● **Work instructions**
Give the listing again character for character, but drop the images.

● **Stored data**
....................

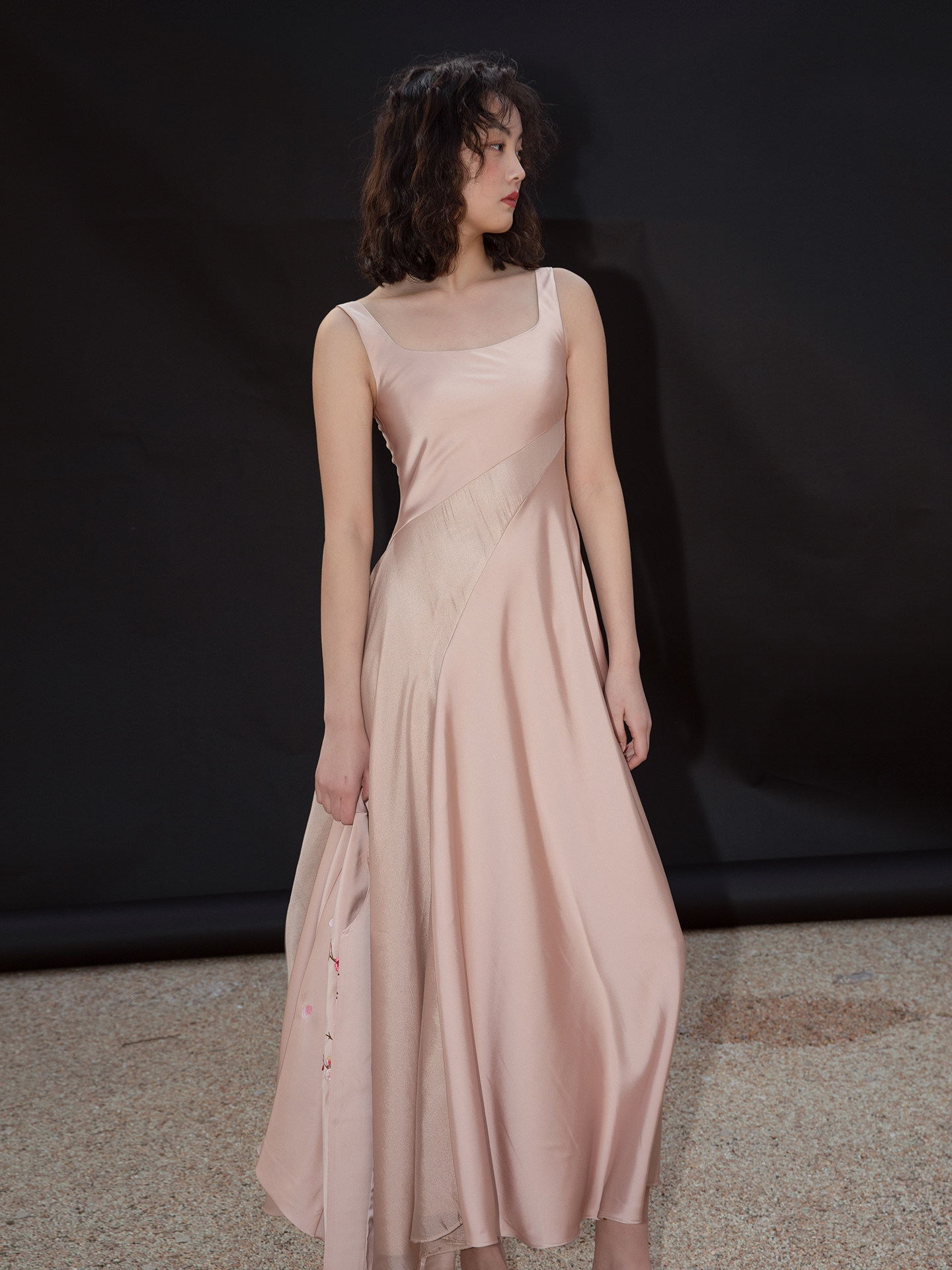 显瘦斜裁 拼同色系纱连衣裙春季 大裙摆浪漫缎面u型领粉色裙子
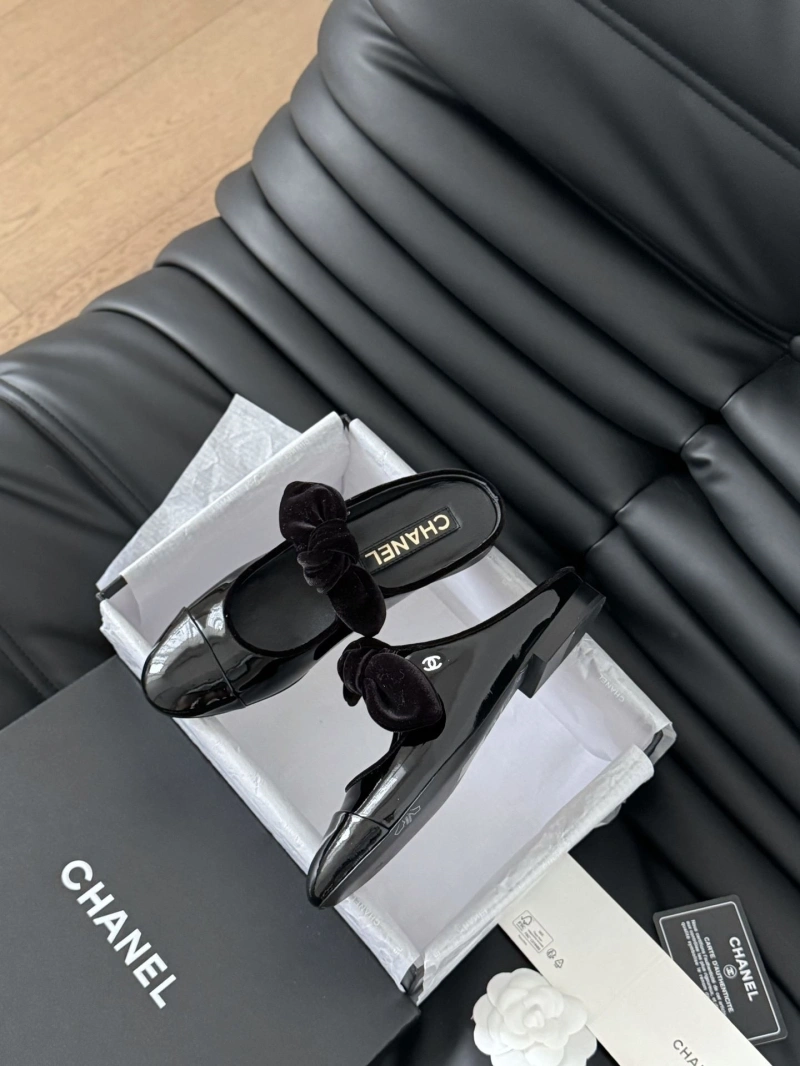 Reliable Chxnxl Slippers 125414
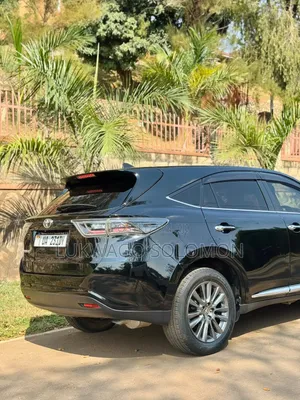 Toyota Harrier 2018 Black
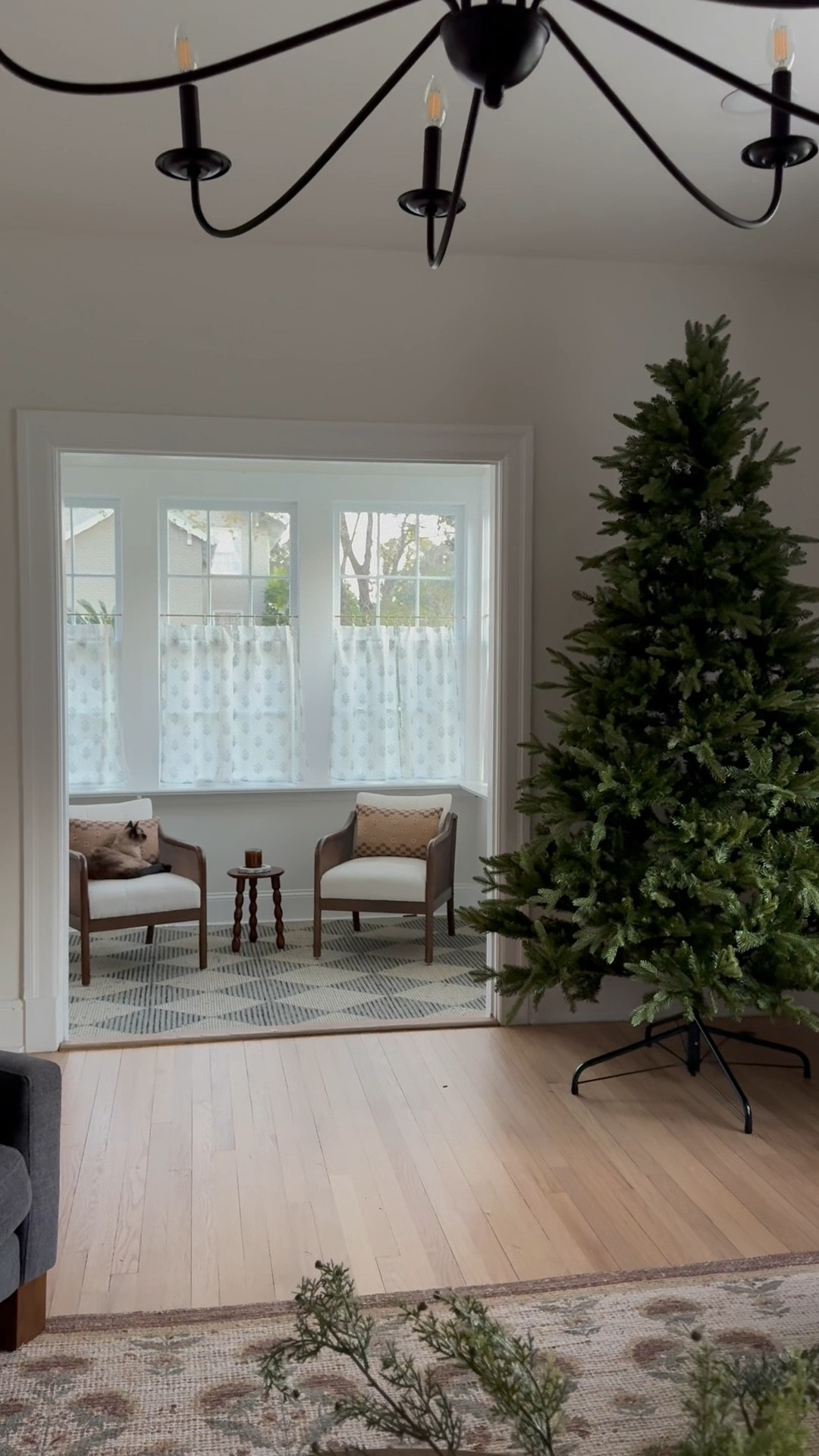 The Alpine Fir by King of Christmas has been a favorite of mine for years! Featured here at 8ft, it’s available lit and unlit!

....................

● **Reply**
 显瘦斜裁 拼同色系纱连衣裙春季 大裙摆浪漫缎面u型领粉色裙子
 Reliable Chxnxl Slippers 125414
 Toyota Harrier 2018 Black
 The Alpine Fir by King of Christmas has been a favorite of mine for years! Featured here at 8ft, it’s available lit and unlit!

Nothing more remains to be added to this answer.